Lab 9: Interactions 1

Princeton University

Author

Jason Geller, Ph.D.(he/him)

Published

December 6, 2023

Lab 9

There is currently much debate (and hype) surrounding smartphones and their effects on well-being, especially with regard to children and teenagers. We’ll be looking at data from this recent study of English adolescents:

Przybylski, A. & Weinstein, N. (2017). A Large-Scale Test of the Goldilocks Hypothesis. Psychological Science, 28, 204–215.

This was a large-scale study that found support for the “Goldilocks” hypothesis among adolescents: that there is a “just right” amount of screen time, such that any amount more or less than this amount is associated with lower well-being. This was a huge survey study: the data contain responses from over 120,000 participants!

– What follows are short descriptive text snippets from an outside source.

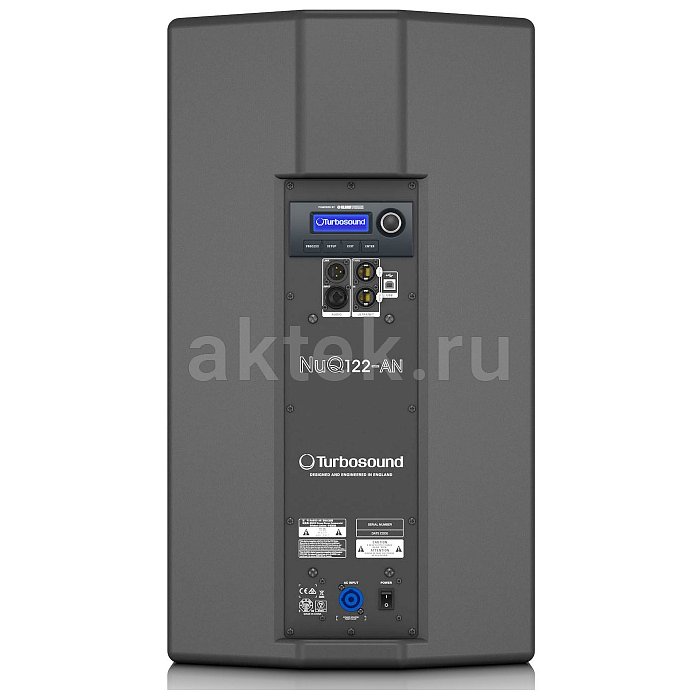 Акустическая система TURBOSOUND NuQ122-AN 2
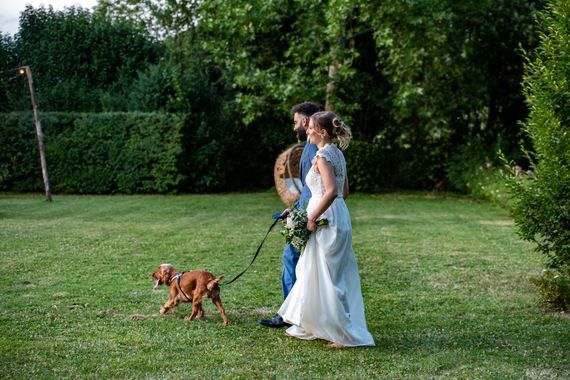 Chiara and Valentino&apos;s Wedding in Naples, Italy 40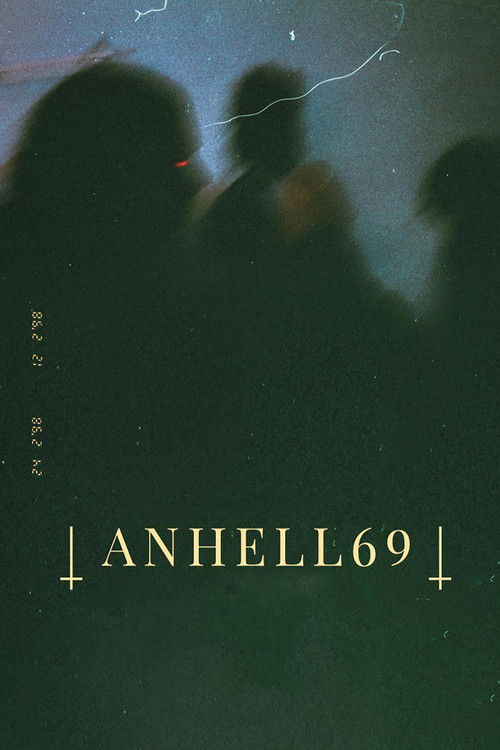 Anhell69 (2023) poster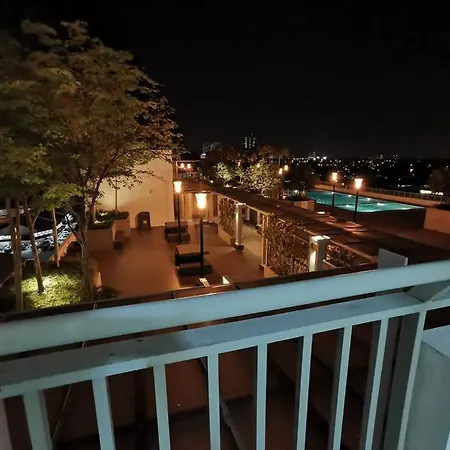 Forest In The Sky 3Br 8Pax Netflix!! High Floor By Stay Johor Bahru Exterior photo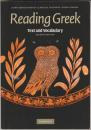 Reading Greek.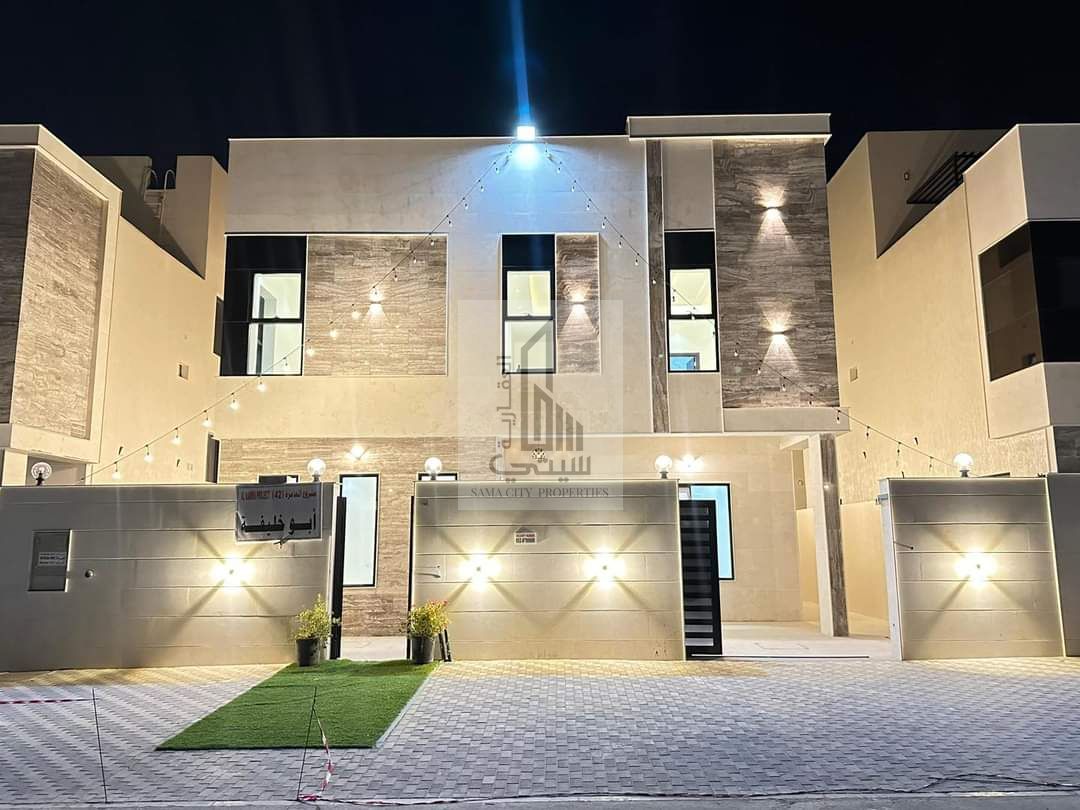 Own a villa without down payment and without annual service fees, freehold for all nationalities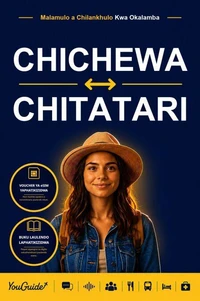 The Language Guide for Travelers - Chichewa to Tatar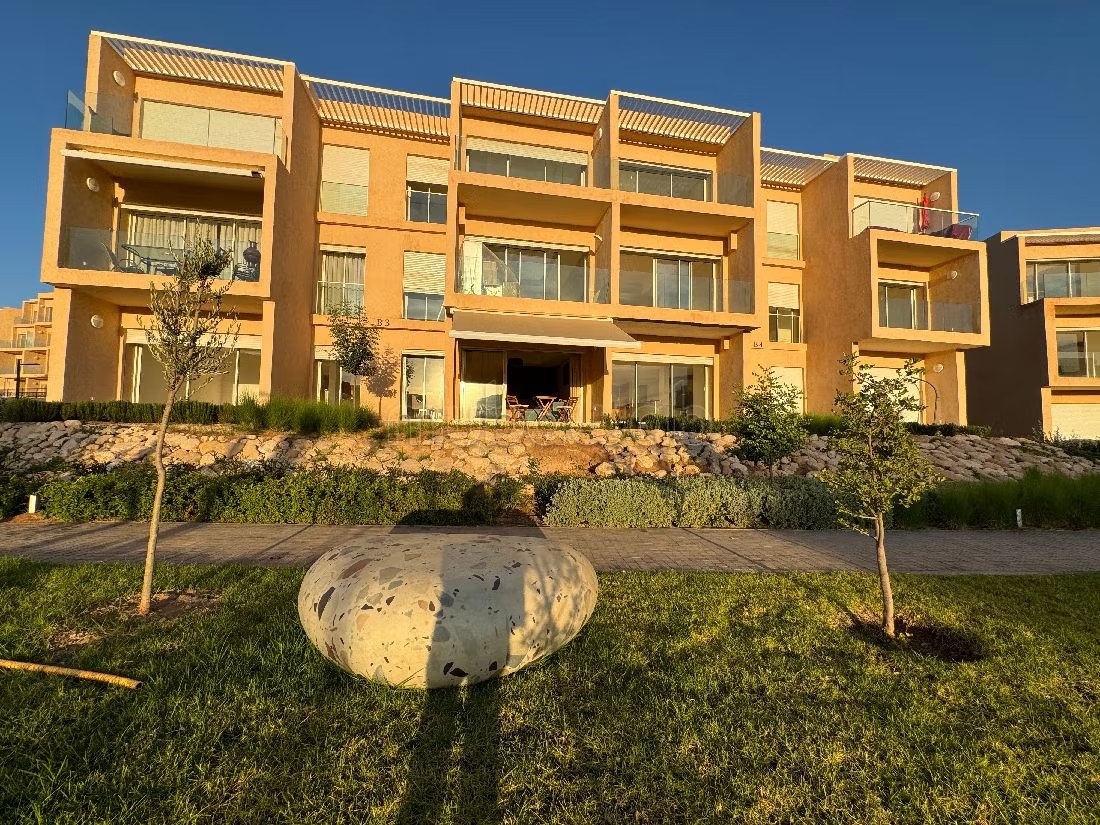 Bel appartement en location courte durée à tarazout bay Superficie 75 m². Meublé. - Photo 9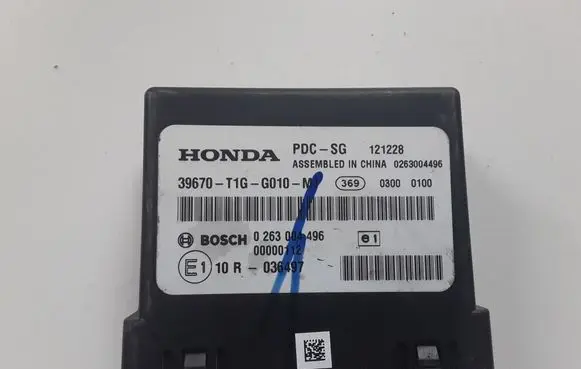 Honda CR-V Other control units/modules 39670T1GG010M1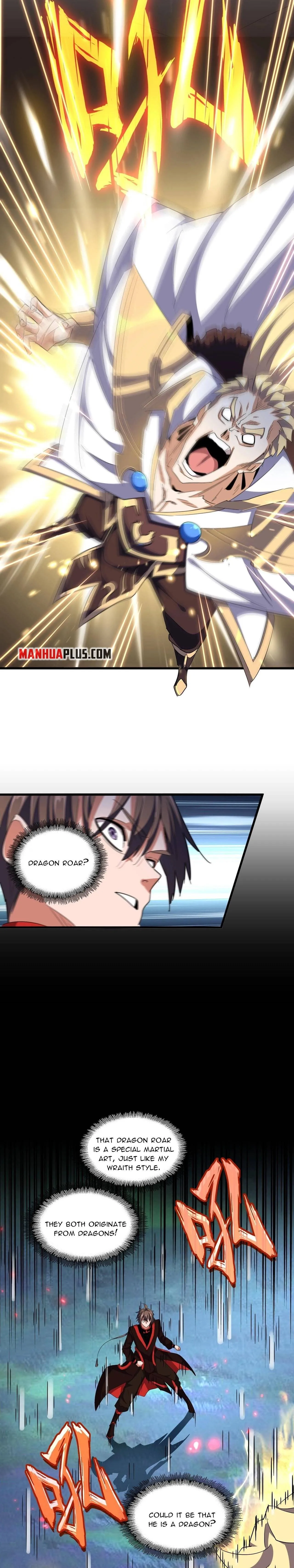 Magic Emperor Chapter 325 Page 15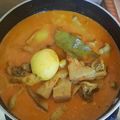 Cooksnap dari Devi Dewo untuk resep Gulai nangka tetelan simpel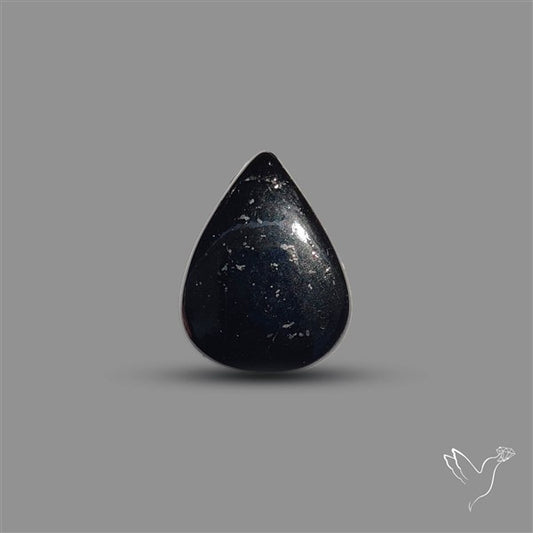 Black Tourmaline Cabochon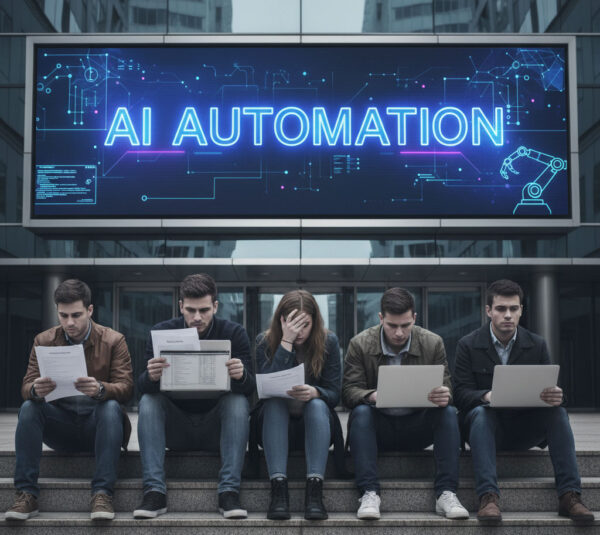 Yapay Zeka Endişesi Gençleri Sararken Şirketler Büyüme Rüyası Görüyor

Fortunately, the authors made the data from this study openly available, which allows us to dig deeper into their results. In this lab, we will look at whether the relationship between screen time and well-being is modulated by participants’ (self-reported) gender.

The dependent measure used in the study was the Warwick-Edinburgh Mental Well-Being Scale (WEMWBS). This is a 14-item scale with 5 response categories, summed together to form a single score ranging from 14-70.

At Przybylski & Weinstein’s page for this study on the Open Science Framework, you can find the participant survey which asks a large number of additional questions (see page 14 for the WEMWBS questions and pages 4-5 for the questions about screen time). Within the same page you can also find the raw data; however, for the purpose of this exercise, you will be using local pre-processed copies of the data (see data folder).

Przybylski and Weinstein looked at multiple measures of screen time, but we will be focusing on smartphone use. They found that decrements in well-being started to appear when respondents reported more than one hour of weekly smartphone use. Our question: Does the negative association between hours of (smartphone) use and well-being (beyond the one-hour point) differ for boys and girls?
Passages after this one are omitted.